Querying

For this we’re going to be using the same examples as can be found here. That is we have a database for a university, with four tables:

  • Schools - a university may have several schools, for example the school of science, the school of arts, and the school of business. The school table has the following columns:

    • A code (primary key)
    • A name
    • A campus - north campus, south campus, etc.
  • Programs - each school may offer several programs, or degrees - a bachelor of commerse, a bachelor of arts, or a master of arts. The program title has the following columns:

    • A code (primary key)
    • A school code (foreign key)
    • A title (e.g. bachelor of commerce)
    • A degree type - bachelor’s, masters, phd, etc.
  • Departments - for example, the physics department might be a part of the school of science. Each department has:

    • A code (primary key)
    • A name
    • A school code (foreign key)
  • Courses - Departments offer courses, this is pretty self explanatory. each course has

    • A course code (primary key)
    • A department code (foreign key)
    • A number of credits
    • A description
    • A title

This is summarized in the following diagram:

_images/schema.png

The Query Object

Tables are set up in the “Examples” folder of the github repo located at https://github.com/xnmp/lambdaquery. The boilerplate code should be fairly self-explanatory and it’s worth glancing over it to see the syntax.

Use the Query.sql method to display the SQL of a query.

ex1 = School.query()
print(ex1.sql())

This will give the result:

SELECT DISTINCT
  sc_kda8.school_code AS code,
  sc_kda8.name AS name,
  sc_kda8.campus AS campus
FROM school AS sc_kda8

Filtering

Use the .filter method to filter:

School.query().filter(lambda x: x.campus == 'south')

Since this construction is so common, this can be abbreviated down to:

School.query(lambda x: x.campus == 'south')

The resulting SQL looks like:

SELECT DISTINCT
  sc_pob4.school_code AS code,
  sc_pob4.name AS name,
  sc_pob4.campus AS campus
FROM school AS sc_pob4
WHERE (sc_pob4.campus = 'south')

Selecting

To demonstrate selecting, we use the fmap method of the query object. Again, we can think of a query like a list, and the fmap method is like mapping a function over that list. Selection looks like:

School.query().fmap(lambda x: x.name % x.campus)

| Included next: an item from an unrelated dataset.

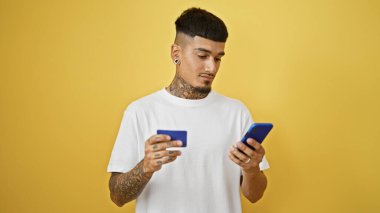 Genç, yakışıklı Latin bir adam, dövmeli ve üzgün, rastgele kredi kartını ve akıllı telefonunu izole edilmiş sarı duvara karşı kullanıyor..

Here we can think of the query as a list of dictionaries where the entries of the dictionary can be accessed by using an attribute name. The % operator herre can be thought of the operator that combinbes two dictionaries.

Note that because this is so common, a simpler way to do this is via the getitem method as follows:

School.query()['name','campus']

This will give the result:

SELECT DISTINCT
  sc_pob4.name AS name,
  sc_pob4.campus AS campus
FROM school AS sc_pob4

Now there’s always several ways to do things in LambdaQuery, and its strength lies in using a generator function to “unroll” a query. We can do this via the yield keyword, so that when we write sc0 = yield School.query() this can be thought of as for sc0 in School.query():. Then sc0 is a single school, and we can apply functions that work on single schools to sc0, such as, say, the number of departments it has.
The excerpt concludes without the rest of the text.